柏木氏「はい。ブルーレイ用マスター制作の中で、ある非常に特殊な、今まで恐らく誰もそんなことはやっていないだろうなっていうような変換処理をして、ボカさずに柔らかくするという映像を実現しました。PHLの中では“ポニョフィルター”って呼んでいます(笑)」

 ポニョフィルターの技術的なことについて。

【本田雅一のAVTrends】「GOEMON」Blu-ray版の画質を高めたパナソニックの新技術 -AV Watch

 同様にフィルムグレインの見え方も変化した。MPEG-2やVC-1では、パラパラと2~3枚のパターンが切り替わるようなグレインの見え方になるところ、従来のPHLエンコーダはコマ送りのようにぎこちないものの、グレインの流れが追えていた。ところが新エンコーダを用いると、グレインがスムースに流れるように見える。

(中略)

「その印象は間違いなく新エンコーダの効果です。詳しくはまだ言えないのですが、従来のMPEGエンコーダは、どんなものでもIピクチャとPピクチャで絵の骨格を作り、その間にあるBピクチャは単なる“つなぎ”という位置付けでした。しかし、新エンコーダはBピクチャの品質を画期的に向上させ、1 枚のフレームとして充分に通用する質に高めるんです」とコメントしてくれた。

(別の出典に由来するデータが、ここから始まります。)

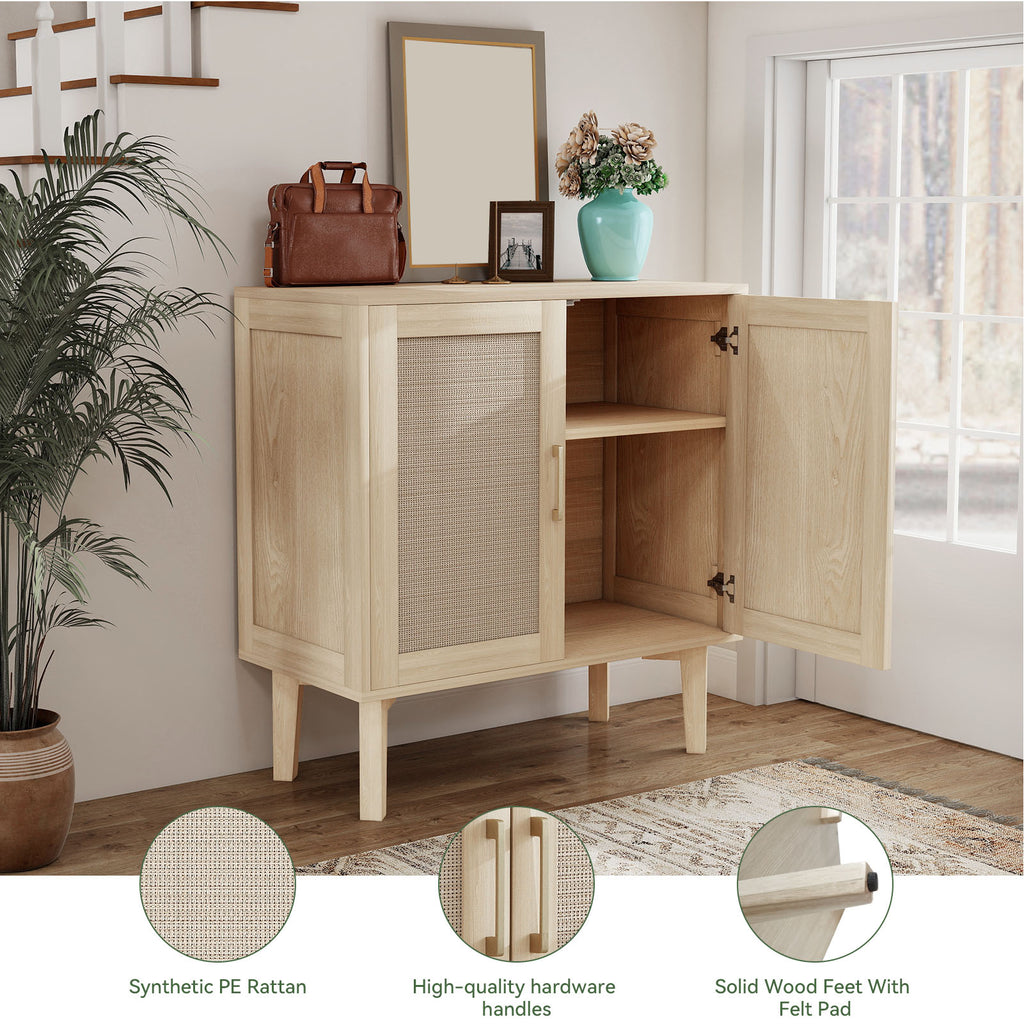 Buffet Cabinet with Rattan Decor Doors Solid Wood Feet Multifunctional Sideboard Cabinet for Dining Room Kitchen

 たとえばグレインが連続した動きに見えるようになったのは、これまでIとPしかハッキリと目立たず、間のBでのグレインパターンが描かれていなかったのに対し、間のBの再現性が高くなったので、動きが繋がるようになった、というわけだ。安藤氏は「時間軸が変化する中で、映像の中身がしっかりと詰まったまま、動いていく感じ」と話す。